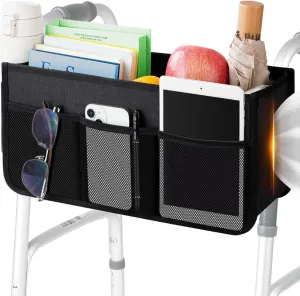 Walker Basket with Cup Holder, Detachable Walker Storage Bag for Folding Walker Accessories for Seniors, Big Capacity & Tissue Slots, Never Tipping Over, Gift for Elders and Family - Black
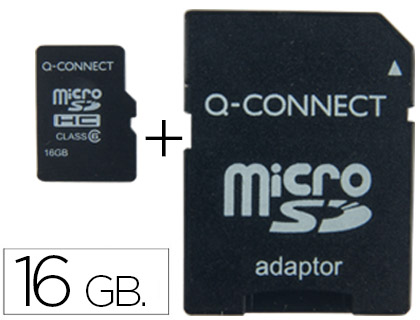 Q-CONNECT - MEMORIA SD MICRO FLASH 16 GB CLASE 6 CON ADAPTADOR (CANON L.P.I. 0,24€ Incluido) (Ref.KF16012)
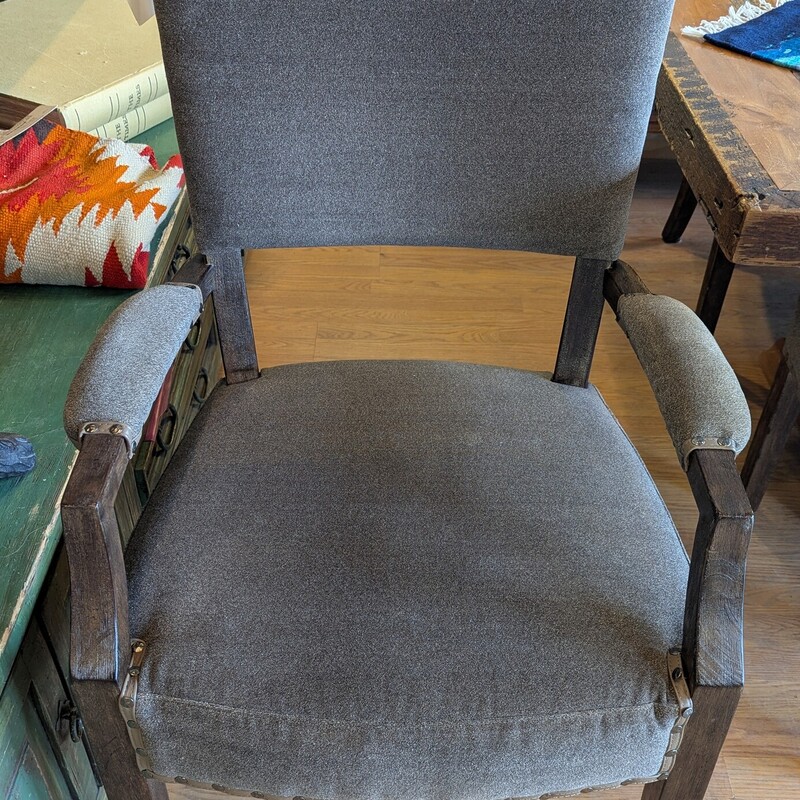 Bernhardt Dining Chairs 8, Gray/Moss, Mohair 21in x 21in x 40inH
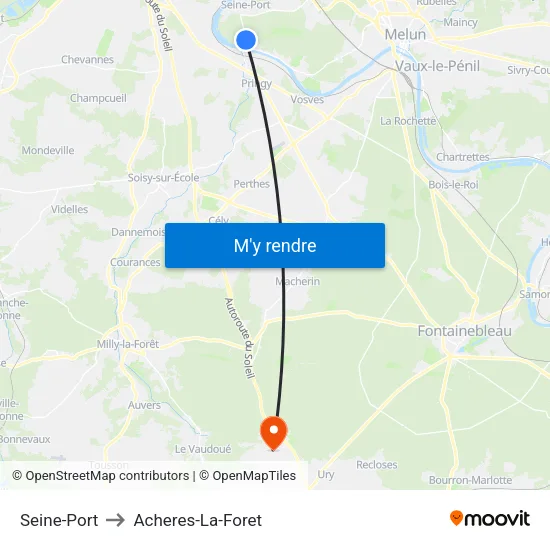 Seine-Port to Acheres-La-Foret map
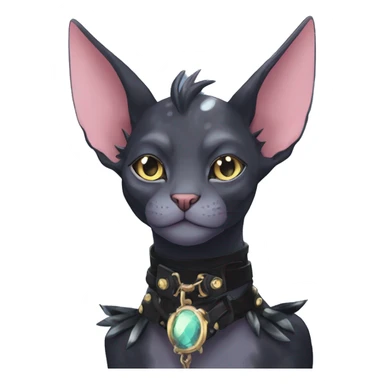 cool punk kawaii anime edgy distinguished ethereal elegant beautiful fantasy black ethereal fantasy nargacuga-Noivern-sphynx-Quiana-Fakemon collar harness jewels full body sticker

= = =

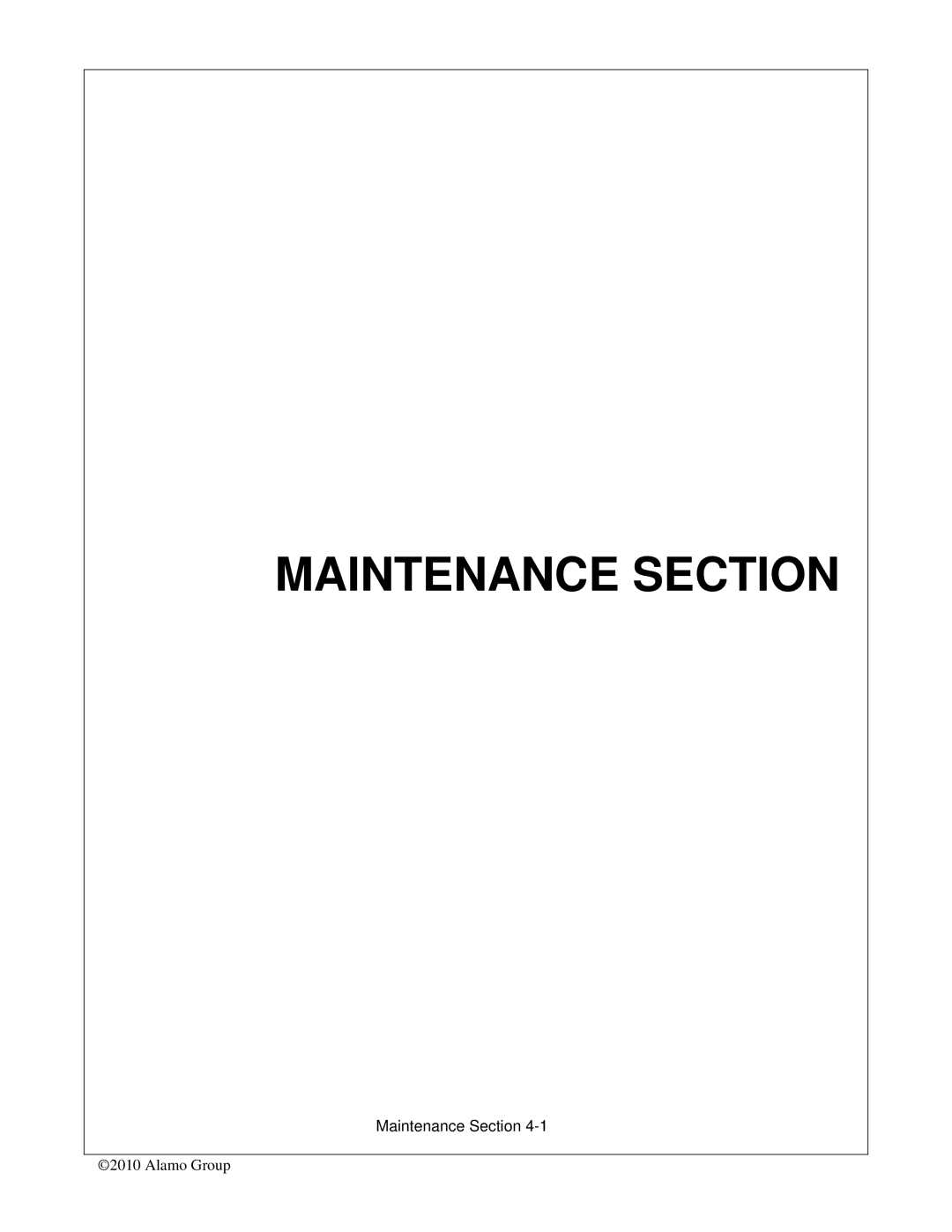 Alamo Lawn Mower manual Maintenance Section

= = =

**YOUR ASSIGNMENT**
Start with the line above containing "Seine-Port to Acheres-La-Foret map" and end with the line containing "cool punk kawaii". Set down that stretch exactly, without any pictures.

**REPLY**
 Seine-Port to Acheres-La-Foret map
 cool punk kawaii anime edgy distinguished ethereal elegant beautiful fantasy black ethereal fantasy nargacuga-Noivern-sphynx-Quiana-Fakemon collar harness jewels full body sticker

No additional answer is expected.